## Exercise directions
Using the records below, transcribe word for word the stretch from the line that contains "The next question: is" through the line that contains "In the next box, I", both end lines included, and nothing else.

## Material to process
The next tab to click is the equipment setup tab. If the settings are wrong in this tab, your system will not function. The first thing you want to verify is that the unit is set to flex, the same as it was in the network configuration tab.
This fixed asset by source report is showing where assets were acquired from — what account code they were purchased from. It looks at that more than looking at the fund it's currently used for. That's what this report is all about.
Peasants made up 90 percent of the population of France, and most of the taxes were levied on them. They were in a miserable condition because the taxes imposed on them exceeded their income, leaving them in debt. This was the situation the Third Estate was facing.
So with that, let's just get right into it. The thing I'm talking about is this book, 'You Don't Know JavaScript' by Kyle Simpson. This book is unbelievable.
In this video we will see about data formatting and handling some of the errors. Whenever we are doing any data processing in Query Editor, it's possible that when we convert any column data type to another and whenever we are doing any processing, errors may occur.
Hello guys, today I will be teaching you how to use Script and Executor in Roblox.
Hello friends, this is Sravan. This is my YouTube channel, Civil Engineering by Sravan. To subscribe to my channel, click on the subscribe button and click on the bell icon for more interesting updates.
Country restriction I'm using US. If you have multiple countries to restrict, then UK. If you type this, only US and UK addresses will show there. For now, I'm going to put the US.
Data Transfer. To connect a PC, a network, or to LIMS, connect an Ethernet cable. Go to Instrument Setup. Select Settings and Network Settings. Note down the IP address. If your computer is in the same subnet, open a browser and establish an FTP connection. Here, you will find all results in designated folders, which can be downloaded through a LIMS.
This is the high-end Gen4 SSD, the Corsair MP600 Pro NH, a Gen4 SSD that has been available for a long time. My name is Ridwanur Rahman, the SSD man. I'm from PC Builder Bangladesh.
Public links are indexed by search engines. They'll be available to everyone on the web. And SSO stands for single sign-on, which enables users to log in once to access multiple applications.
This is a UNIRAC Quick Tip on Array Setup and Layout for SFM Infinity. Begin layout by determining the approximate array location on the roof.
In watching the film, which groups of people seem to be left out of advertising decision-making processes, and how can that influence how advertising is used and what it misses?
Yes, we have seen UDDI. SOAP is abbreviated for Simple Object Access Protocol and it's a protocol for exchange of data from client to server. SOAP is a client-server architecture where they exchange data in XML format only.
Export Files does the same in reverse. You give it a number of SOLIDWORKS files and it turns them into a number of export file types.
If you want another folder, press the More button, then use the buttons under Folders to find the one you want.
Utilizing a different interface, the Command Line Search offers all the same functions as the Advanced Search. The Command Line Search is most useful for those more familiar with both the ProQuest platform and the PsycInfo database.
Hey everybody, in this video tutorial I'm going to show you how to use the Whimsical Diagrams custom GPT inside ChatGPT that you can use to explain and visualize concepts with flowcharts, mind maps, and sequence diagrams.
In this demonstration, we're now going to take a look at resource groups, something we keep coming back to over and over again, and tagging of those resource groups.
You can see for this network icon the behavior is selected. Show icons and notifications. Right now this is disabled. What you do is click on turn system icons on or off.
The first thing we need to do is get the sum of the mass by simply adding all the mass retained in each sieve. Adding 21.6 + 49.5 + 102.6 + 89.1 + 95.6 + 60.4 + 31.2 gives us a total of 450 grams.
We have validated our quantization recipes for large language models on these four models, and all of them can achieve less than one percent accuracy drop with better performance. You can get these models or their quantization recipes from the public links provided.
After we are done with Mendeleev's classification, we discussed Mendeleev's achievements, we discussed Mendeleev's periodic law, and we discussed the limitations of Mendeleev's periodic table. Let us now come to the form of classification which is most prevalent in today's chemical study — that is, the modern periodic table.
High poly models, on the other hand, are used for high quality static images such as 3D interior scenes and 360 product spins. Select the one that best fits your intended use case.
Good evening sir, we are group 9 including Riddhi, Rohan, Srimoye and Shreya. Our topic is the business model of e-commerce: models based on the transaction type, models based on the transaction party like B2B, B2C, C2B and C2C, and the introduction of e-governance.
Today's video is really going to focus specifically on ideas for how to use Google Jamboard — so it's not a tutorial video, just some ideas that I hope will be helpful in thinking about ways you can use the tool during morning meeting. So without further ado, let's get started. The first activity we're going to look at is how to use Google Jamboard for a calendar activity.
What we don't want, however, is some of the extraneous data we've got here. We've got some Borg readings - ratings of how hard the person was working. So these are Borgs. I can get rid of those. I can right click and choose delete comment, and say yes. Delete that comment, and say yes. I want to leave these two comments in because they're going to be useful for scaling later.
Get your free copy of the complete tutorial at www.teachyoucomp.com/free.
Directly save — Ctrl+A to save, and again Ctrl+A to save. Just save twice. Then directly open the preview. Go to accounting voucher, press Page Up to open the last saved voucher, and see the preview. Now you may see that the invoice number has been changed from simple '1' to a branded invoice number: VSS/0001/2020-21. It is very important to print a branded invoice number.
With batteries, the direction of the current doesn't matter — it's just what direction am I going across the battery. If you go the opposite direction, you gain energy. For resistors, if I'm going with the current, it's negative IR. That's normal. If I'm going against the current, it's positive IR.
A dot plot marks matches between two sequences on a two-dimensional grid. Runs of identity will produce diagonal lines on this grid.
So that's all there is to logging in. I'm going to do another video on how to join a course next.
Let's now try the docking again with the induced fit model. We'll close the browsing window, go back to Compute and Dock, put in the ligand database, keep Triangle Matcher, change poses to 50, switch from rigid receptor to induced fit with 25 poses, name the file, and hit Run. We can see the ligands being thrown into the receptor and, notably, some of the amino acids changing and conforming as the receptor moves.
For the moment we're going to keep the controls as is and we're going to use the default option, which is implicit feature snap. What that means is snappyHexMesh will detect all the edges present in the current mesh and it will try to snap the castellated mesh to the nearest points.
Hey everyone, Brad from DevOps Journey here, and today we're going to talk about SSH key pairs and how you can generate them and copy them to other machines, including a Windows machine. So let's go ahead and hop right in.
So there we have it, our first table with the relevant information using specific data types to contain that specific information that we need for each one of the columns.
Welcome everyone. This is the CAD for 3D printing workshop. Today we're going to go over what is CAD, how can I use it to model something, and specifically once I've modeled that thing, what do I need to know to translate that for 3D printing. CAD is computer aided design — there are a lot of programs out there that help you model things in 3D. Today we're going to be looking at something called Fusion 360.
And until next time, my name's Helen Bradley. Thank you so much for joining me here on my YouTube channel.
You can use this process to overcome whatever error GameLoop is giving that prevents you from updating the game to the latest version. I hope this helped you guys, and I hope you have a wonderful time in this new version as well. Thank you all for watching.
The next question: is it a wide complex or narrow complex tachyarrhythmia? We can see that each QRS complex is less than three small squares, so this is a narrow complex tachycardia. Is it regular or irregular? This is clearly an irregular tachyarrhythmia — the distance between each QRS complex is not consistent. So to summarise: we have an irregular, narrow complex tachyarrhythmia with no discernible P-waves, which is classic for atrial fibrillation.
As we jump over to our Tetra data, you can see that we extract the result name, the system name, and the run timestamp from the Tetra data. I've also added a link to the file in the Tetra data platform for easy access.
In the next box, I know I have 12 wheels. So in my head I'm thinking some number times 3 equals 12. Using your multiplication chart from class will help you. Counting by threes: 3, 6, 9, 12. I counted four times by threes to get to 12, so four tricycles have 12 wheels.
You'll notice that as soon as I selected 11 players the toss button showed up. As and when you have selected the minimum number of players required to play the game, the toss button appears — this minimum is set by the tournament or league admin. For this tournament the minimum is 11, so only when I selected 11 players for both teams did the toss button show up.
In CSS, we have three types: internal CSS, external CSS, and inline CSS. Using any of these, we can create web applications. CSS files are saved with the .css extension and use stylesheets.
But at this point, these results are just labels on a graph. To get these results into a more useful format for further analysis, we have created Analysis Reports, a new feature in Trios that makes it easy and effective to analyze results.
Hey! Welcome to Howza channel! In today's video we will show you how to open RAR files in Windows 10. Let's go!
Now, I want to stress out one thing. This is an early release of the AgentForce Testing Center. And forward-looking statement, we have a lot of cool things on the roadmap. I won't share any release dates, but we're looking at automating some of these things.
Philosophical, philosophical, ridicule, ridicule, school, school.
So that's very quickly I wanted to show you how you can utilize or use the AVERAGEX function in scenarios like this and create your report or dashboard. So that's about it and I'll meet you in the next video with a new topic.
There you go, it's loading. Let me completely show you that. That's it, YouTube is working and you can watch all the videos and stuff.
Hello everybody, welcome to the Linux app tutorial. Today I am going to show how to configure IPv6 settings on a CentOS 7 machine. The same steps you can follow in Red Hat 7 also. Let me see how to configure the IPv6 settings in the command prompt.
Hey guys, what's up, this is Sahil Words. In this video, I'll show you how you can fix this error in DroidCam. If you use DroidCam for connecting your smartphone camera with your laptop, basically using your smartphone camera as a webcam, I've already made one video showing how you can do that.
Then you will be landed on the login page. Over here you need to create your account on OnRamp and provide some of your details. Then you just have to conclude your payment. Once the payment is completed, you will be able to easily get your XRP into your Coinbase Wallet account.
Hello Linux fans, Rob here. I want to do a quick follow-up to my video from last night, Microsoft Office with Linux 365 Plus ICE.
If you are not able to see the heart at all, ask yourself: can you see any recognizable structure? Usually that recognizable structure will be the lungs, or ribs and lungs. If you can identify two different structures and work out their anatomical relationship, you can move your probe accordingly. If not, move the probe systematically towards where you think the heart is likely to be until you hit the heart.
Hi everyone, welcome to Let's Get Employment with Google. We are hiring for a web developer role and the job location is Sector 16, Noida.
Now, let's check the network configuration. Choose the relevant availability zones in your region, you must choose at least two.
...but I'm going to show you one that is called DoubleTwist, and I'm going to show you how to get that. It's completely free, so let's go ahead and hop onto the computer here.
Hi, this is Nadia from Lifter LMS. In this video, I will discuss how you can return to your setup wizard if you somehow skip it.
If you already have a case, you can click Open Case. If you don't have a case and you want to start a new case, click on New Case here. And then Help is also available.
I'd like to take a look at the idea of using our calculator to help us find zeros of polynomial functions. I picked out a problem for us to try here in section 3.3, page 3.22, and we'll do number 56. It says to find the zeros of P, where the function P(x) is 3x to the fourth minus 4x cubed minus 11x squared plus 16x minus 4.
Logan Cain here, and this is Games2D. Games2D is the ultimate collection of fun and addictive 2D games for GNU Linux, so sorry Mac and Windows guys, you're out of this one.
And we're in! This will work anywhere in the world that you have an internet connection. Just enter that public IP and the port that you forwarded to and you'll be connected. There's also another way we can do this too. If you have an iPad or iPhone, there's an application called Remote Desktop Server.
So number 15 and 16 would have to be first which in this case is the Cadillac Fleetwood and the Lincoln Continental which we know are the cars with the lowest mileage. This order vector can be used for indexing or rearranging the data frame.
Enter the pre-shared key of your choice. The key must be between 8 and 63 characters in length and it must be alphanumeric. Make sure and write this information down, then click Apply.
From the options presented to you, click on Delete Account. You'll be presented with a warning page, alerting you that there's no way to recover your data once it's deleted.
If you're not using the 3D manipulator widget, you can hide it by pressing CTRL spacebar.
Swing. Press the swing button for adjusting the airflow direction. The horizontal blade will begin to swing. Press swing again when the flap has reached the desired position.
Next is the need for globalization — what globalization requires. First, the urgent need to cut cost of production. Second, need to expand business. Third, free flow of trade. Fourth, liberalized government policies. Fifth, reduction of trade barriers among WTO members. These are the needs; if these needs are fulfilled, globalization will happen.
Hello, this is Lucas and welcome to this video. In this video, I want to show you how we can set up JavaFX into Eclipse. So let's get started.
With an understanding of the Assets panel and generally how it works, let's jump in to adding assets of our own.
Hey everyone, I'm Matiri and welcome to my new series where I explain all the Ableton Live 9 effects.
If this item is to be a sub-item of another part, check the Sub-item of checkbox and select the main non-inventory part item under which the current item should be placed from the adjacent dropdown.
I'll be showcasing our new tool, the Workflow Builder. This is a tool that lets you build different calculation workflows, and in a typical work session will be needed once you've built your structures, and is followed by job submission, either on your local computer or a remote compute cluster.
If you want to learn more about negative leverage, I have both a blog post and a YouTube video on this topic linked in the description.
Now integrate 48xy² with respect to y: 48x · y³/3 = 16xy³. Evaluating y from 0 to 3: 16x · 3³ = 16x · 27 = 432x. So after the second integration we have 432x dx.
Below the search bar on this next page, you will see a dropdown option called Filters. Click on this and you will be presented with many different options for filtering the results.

## Exercise output
The next question: is it a wide complex or narrow complex tachyarrhythmia? We can see that each QRS complex is less than three small squares, so this is a narrow complex tachycardia. Is it regular or irregular? This is clearly an irregular tachyarrhythmia — the distance between each QRS complex is not consistent. So to summarise: we have an irregular, narrow complex tachyarrhythmia with no discernible P-waves, which is classic for atrial fibrillation.
As we jump over to our Tetra data, you can see that we extract the result name, the system name, and the run timestamp from the Tetra data. I've also added a link to the file in the Tetra data platform for easy access.
In the next box, I know I have 12 wheels. So in my head I'm thinking some number times 3 equals 12. Using your multiplication chart from class will help you. Counting by threes: 3, 6, 9, 12. I counted four times by threes to get to 12, so four tricycles have 12 wheels.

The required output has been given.